A cláusula indenizatória e sua função
A cláusula indenizatória é um elemento fundamental nos contratos desportivos. Ela estabelece o valor devido ao clube empregador em caso de transferência do atleta antes do término do contrato. Esta cláusula é prevista em lei e serve como um dos mecanismos para encerrar a relação entre clube e atleta de forma antecipada, com efeitos imediatos após o pagamento.
A cláusula controversa do Vitória
O contrato do Vitória com Lucas Esteves contém a seguinte cláusula:
“Na hipótese de exercício da Cláusula Indenizatória pelo ATLETA para transferência a outra agremiação, será resguardado ao VITÓRIA o direito à recusa de transferência, mediante o pagamento, pelo VITÓRIA, em favor do ATLETA, do valor de UDS 100.000,00 (cem mil dólares americanos), ou o valor equivalente em Reais no dia da comunicação do ATLETA ao CLUBE. O pagamento será realizado em até 05 dias úteis da comunicação de recusa pelo VITÓRIA ao ATLETA.”
Esta cláusula é problemática por várias razões:
- Contradição com a lei: A cláusula contradiz a legislação vigente, que estabelece a cláusula indenizatória como forma de extinção do vínculo entre atleta e clube.
- Restrição de direitos: Ela limita os direitos do atleta, obrigando-o a permanecer em uma relação jurídica contra sua vontade, mesmo após o pagamento da cláusula indenizatória.
- Desequilíbrio contratual: A cláusula cria um desequilíbrio na relação jurídica, favorecendo excessivamente o clube em detrimento do atleta.
Para além da análise sobre a validade da cláusula, é relevante analisá-la sob a ótica do direito de preferência. Seria possível afirmar que a cláusula do contrato do Vitória é uma cláusula de preferência?
Entendemos que não. A comparação entre a cláusula do Vitória e as cláusulas de preferência revela diferenças significativas em sua natureza e aplicação. As cláusulas de preferência comumente utilizadas no meio esportivo seguem um rito:
- Notificação: o clube empregador é notificado sobre uma proposta pela aquisição dos direitos econômicos do atleta.

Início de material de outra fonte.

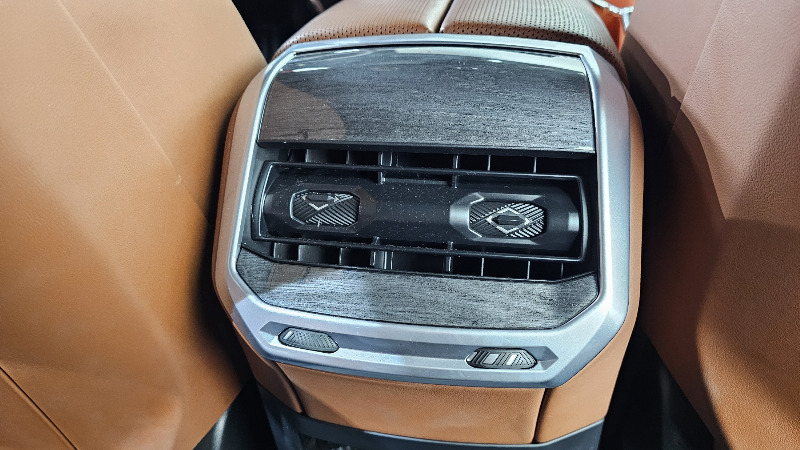 car BMW 7 Series id265248 photo #28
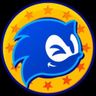 SonicNews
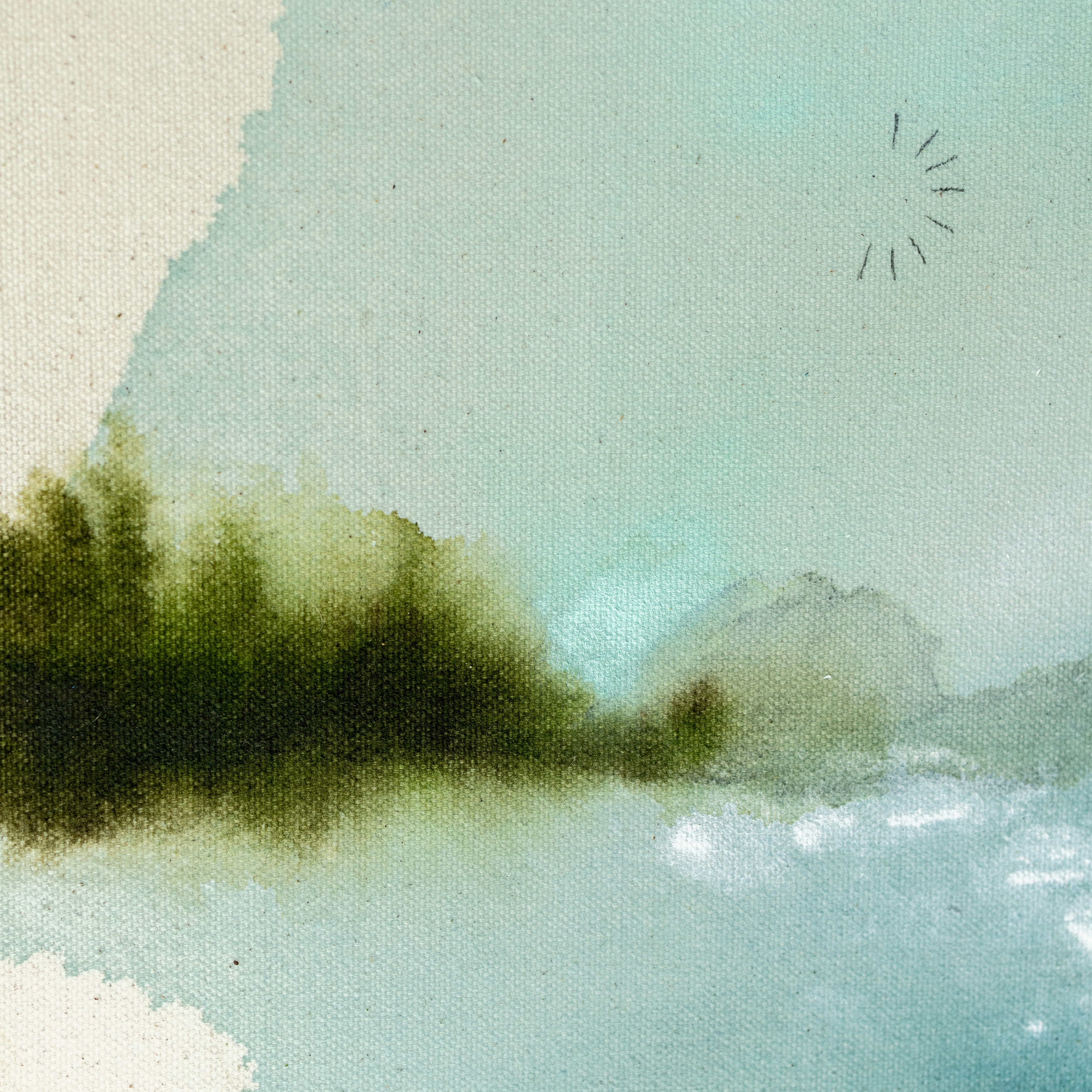 The Path Less Travelled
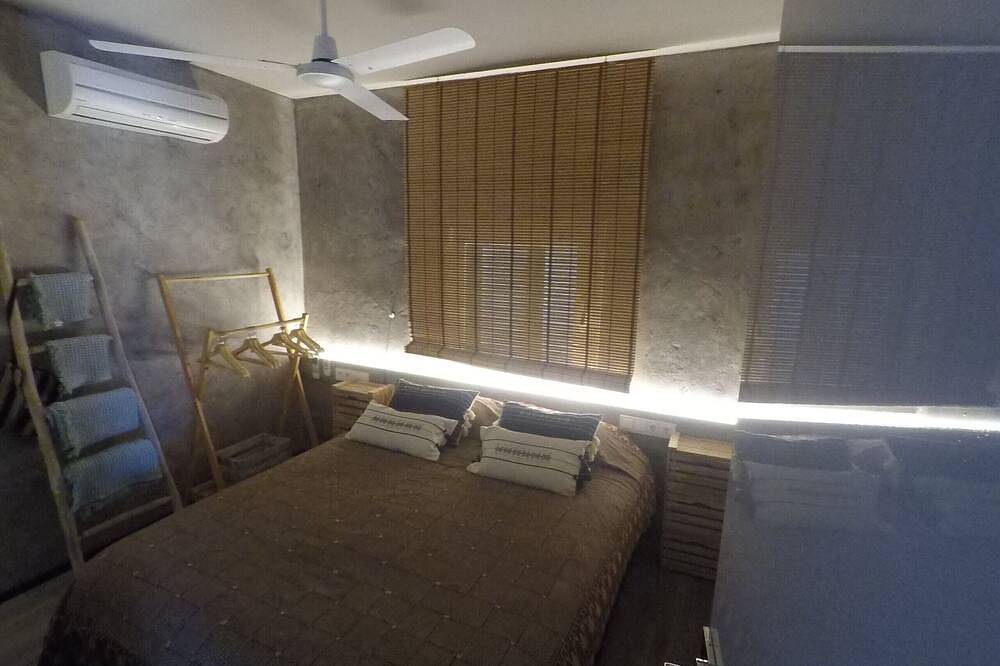 Villa Ca La Dolors Cala Deià in Deyá, Mallorca Oeste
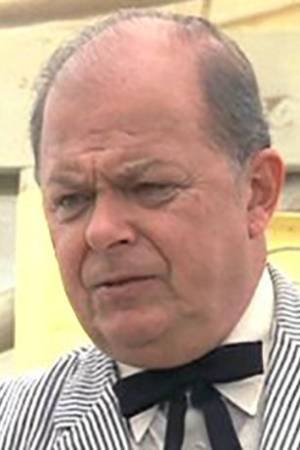 Scott Beach Scott Beach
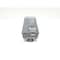Mitsubishi INVERTER 200-240V-AC 0.2-590HZ 200-240V-AC AC VFD DRIVE FR-A820-00250-1-N6 - alternate 6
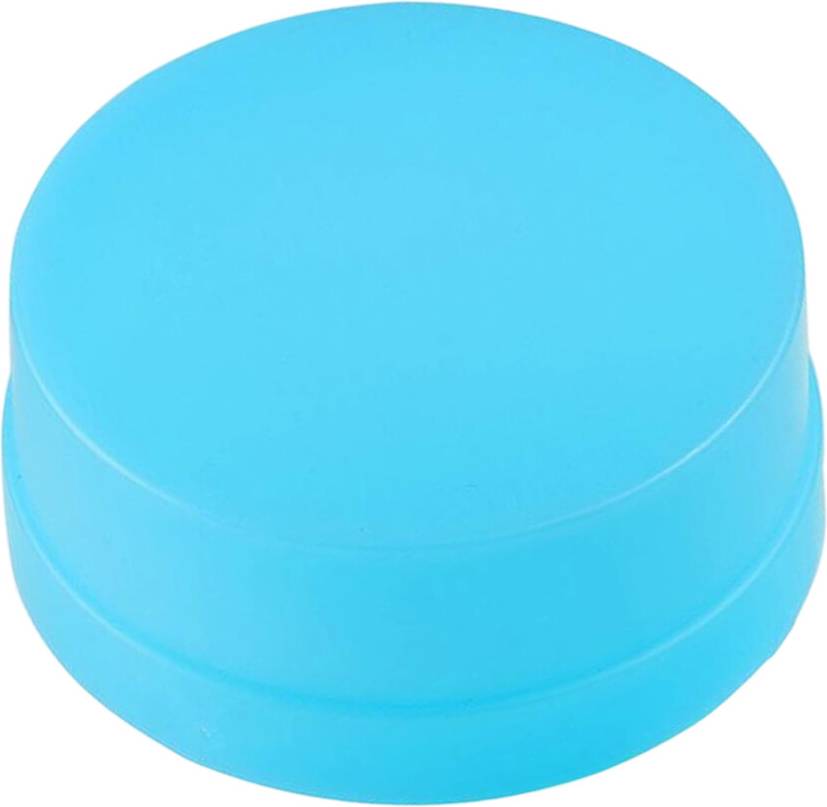 Camera Flash Diffuser Softbox Soft Light Blue
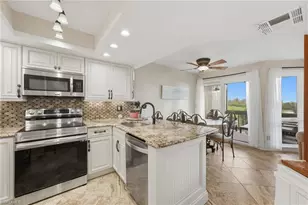 370 Townhouse Ln, Upper Captiva, FL 33924 - Photo 10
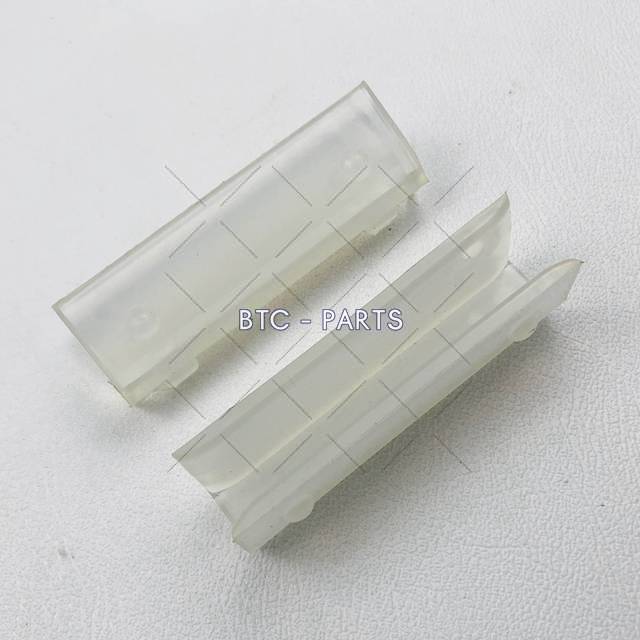 Elevator Guide Shoe Insert XAA380W2 Use For Otis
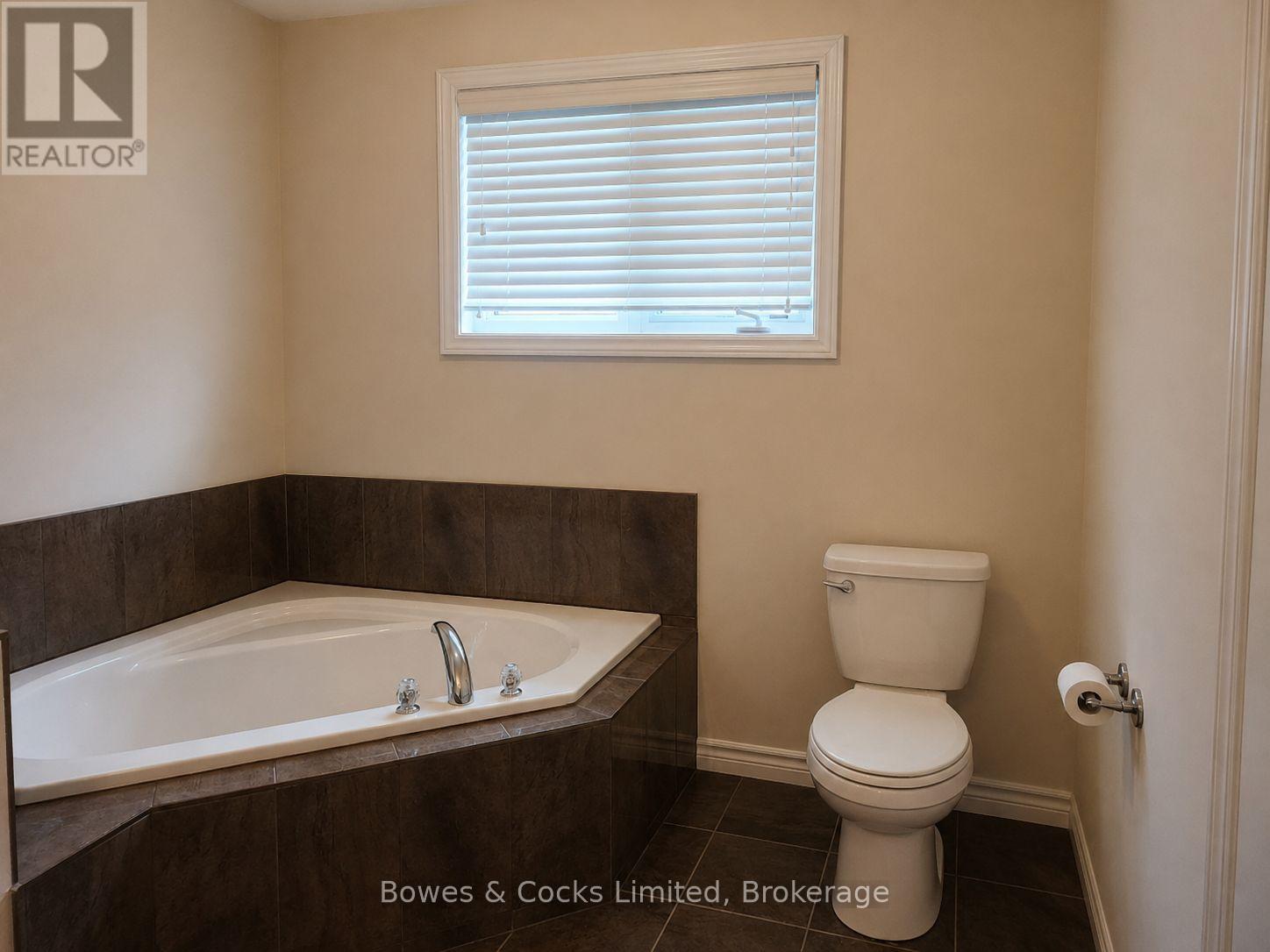 716 Sawmill Road, Peterborough (Northcrest Ward 5), Ontario  K9L 0G3 - Photo 14 - X13583948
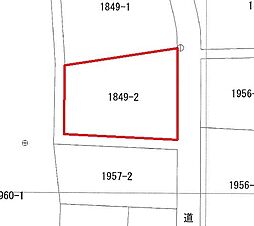 水木町1丁目1849番2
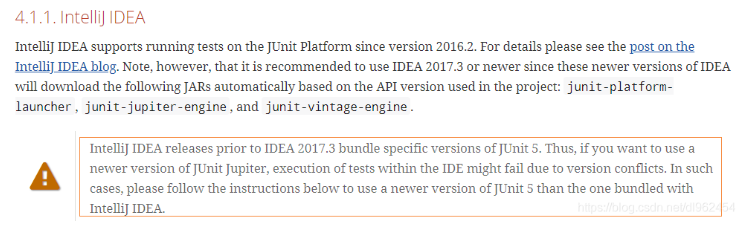 ںӵļңSpringBoot-java.lang.NoSuchMethodError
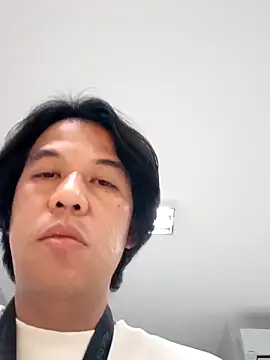 Snapshot of akiramoore chatting on 3, 6, 2026 akiramoore online show from 3, 6, 2026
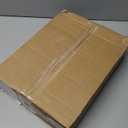 Large Turtle Floating Basking Platform with Feeding Area, Turtle Floating Docks Reptile Climbing Pier and Basking Platform for Tortoise, Frogs, Crabs and Salamanders (Large - 30 gallon or larger fish tank)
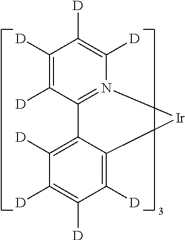 Figure US08871361-20141028-C00298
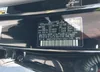 KM8R2DGE6PU611823: 42231966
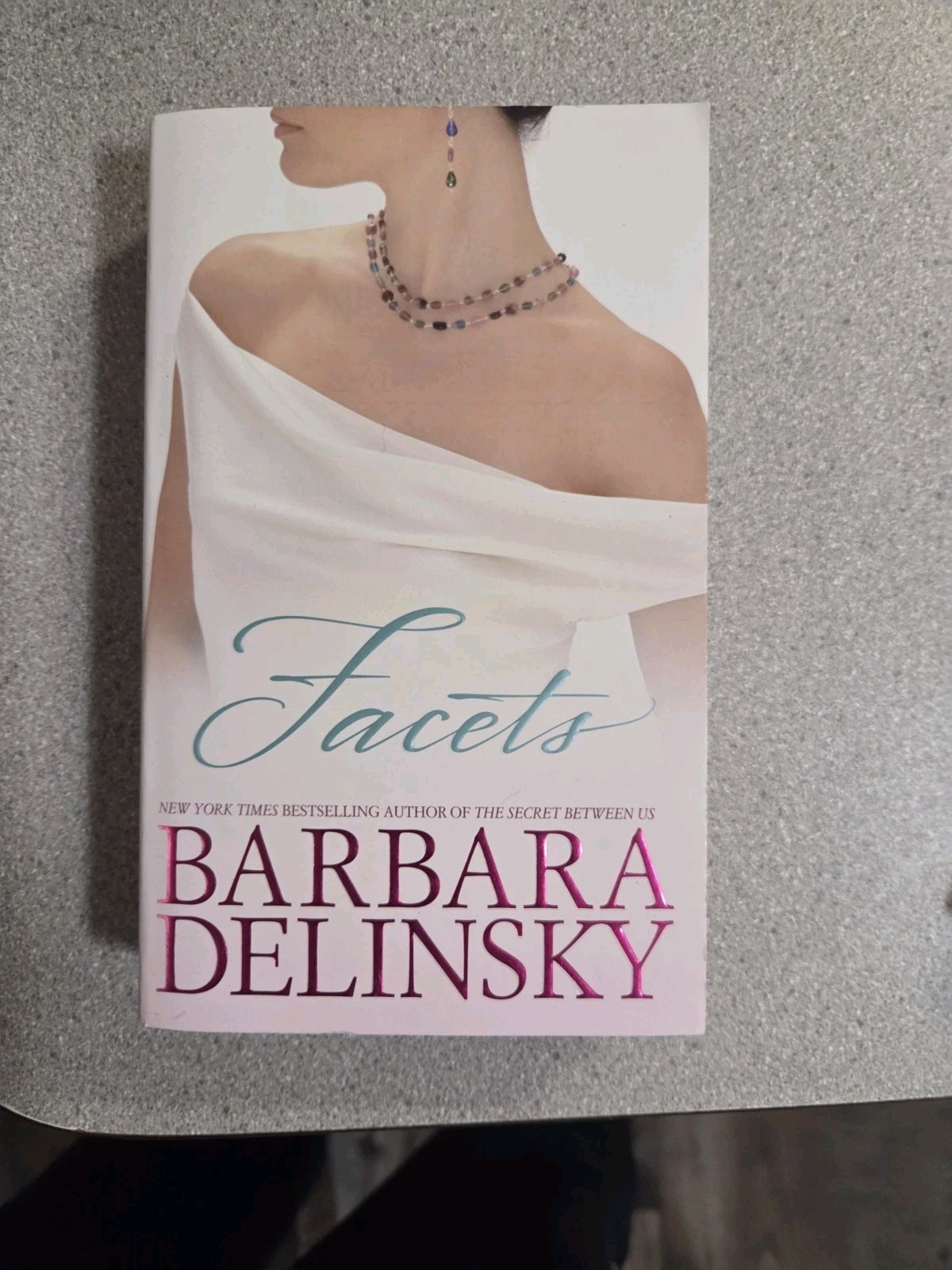 Barbara Delinsky Lot Of 12 Books. HC & PB. Romance Many 2-in-1 =16 Stories.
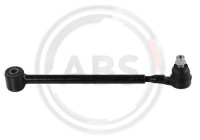 bras de suspension, suspension 212950 ABS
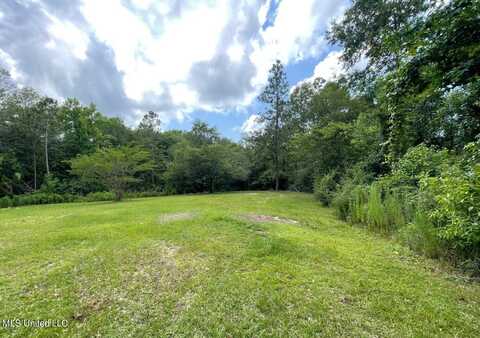 1 Ac Timberidge Road, Lucedale, MS 39452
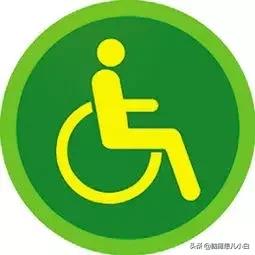 2021残疾人学车补贴多少钱,黑龙江省残疾人驾校补贴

- Prazo para contraoferta: O clube empregador tem um prazo de alguns dias para apresentar uma proposta igual.
- Decisão do clube:
- Se o clube não apresenta proposta equivalente, o atleta fica livre para negociar com outros clubes.
- Se o clube apresenta proposta igual ou superior, o atleta deve aceitá-la.
- Consequências da recusa: Caso o atleta recuse a proposta equivalente do clube atual, ele pode ser obrigado a pagar uma indenização por descumprimento da cláusula de preferência.
Este processo respeita a liberdade do atleta, ao mesmo tempo em que oferece ao clube empregador a oportunidade de manter o jogador em condições de mercado.
Em contraste, a cláusula do contrato do Vitória, a qual nos referimos como “cláusula de recusa de transferência”, opera de maneira fundamentalmente diferente:
- Pagamento da cláusula indenizatória: O processo é iniciado quando é paga a cláusula indenizatória.
- Direito de recusa: O Vitória teria o direito de recusar a transferência, mesmo após o pagamento da cláusula indenizatória.
- Compensação ao atleta: Em caso de exercício do “direito de recusa”, o Vitória deve pagar ao atleta USD 100.000,00 em até 5 dias úteis.
- Manutenção forçada do vínculo: Como consequência, o atleta é obrigado a permanecer na relação jurídica com o Vitória, independentemente de sua vontade ou das condições oferecidas por outros clubes.
Desta forma, dentre as diferenças fundamentais, destaca-se a liberdade de escolha, já que a cláusula de preferência permite ao atleta escolher outro clube se o atual não igualar a oferta; a cláusula do Vitória remove essa liberdade. Ademais, a cláusula de preferência busca um equilíbrio entre os interesses do clube e do atleta.
A cláusula do contrato do Vitória difere substancialmente das cláusulas de preferência típicas. Enquanto estas últimas buscam um equilíbrio entre os interesses das partes e respeitam a dinâmica do mercado, a cláusula do Vitória cria uma situação de retenção forçada do atleta, potencialmente violando princípios fundamentais do direito trabalhista e esportivo.
Esta diferença fundamental reforça os argumentos sobre a possível nulidade da cláusula do Vitória, uma vez que ela não se alinha com as práticas aceitas no meio esportivo nem com os princípios legais que regem as relações entre clubes e atletas.